For everyone’s consideration, I find this morning an update available hailo_dataflow_compiler-3.30.0-py3-none-linux_x86_64.whl.
I created three separate Colab notebooks for converting to .hef. I used the YOLOv8n version from the Ultralytics library. I have commented on the necessary steps in each notebook.
1 .Create a model:Colab Notebook
2. Create a calibration dataset: [Google Colab](https://Colab Notebook)
3. Convert the model: Colab notebook
The notebooks were created thanks to the inspiration from the awesome community’s work. Cheers to everyone!
In the case that anyone’s receiving the error:
ERROR: Could not find a version that satisfies the requirement onnxruntime==1.12.1 (from versions: 1.15.0, 1.15.1, 1.16.0)

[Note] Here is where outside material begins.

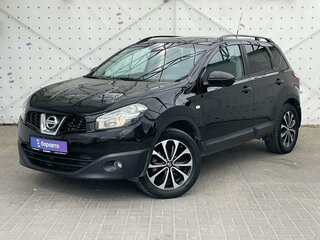 2013 Nissan Qashqai I Рестайлинг, чёрный, 1030000 рублей, вид 2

ERROR: No matching distribution found for onnxruntime==1.12.1
from making installing the WHL, Colab seems to be installing python release 3.11.11, which our .whl file doesn’t work on. Make sure to use python3.10:
!sudo apt update
!sudo apt install python3.10
!sudo apt install python3.10-venv
!python3.10 -m venv my_env
Fixed the Optimization Issue
For this I referred to this article.
To do this in colab, this is what I did:
Step 1:
!wget https://developer.download.nvidia.com/compute/cuda/11.8.0/local_installers/cuda-repo-ubuntu2204-11-8-local_11.8.0-520.61.05-1_amd64.deb
Step 2:
!sudo dpkg -i cuda-repo-ubuntu2204-11-8-local_11.8.0-520.61.05-1_amd64.deb
Step 3:
!sudo cp /var/cuda-repo-ubuntu2204-11-8-local/cuda-D95DBBE2-keyring.gpg /usr/share/keyrings/
Step 4:
!sudo apt-get update
Step 5:
!sudo apt-get install -y cuda-11-8
For this step you have to fill provide the language, I’m using English as my default so I entered “32”, then “1” for the dialect of english. There should be a little text box next to the terminal prompt, so click the area next to it and you should be able to type.
Step 6:
!echo 'export PATH=/usr/local/cuda-11.8/bin:$PATH' >> ~/.bashrc
!echo 'export LD_LIBRARY_PATH=/usr/local/cuda-11.8/lib64:$LD_LIBRARY_PATH' >> ~/.bashrc
!source ~/.bashrc
Step 7:
!ls /usr/local | grep cuda
This step is just a sanity check to see if Cuda 11.8 was installed.
Step 8:
!sudo ln -sf /usr/local/cuda-11.8 /usr/local/cuda
Step 9:
!ls -l /usr/local/cuda
!sudo update-alternatives --display cuda
!sudo update-alternatives --config cuda
This should be the expected output, for the last couple steps.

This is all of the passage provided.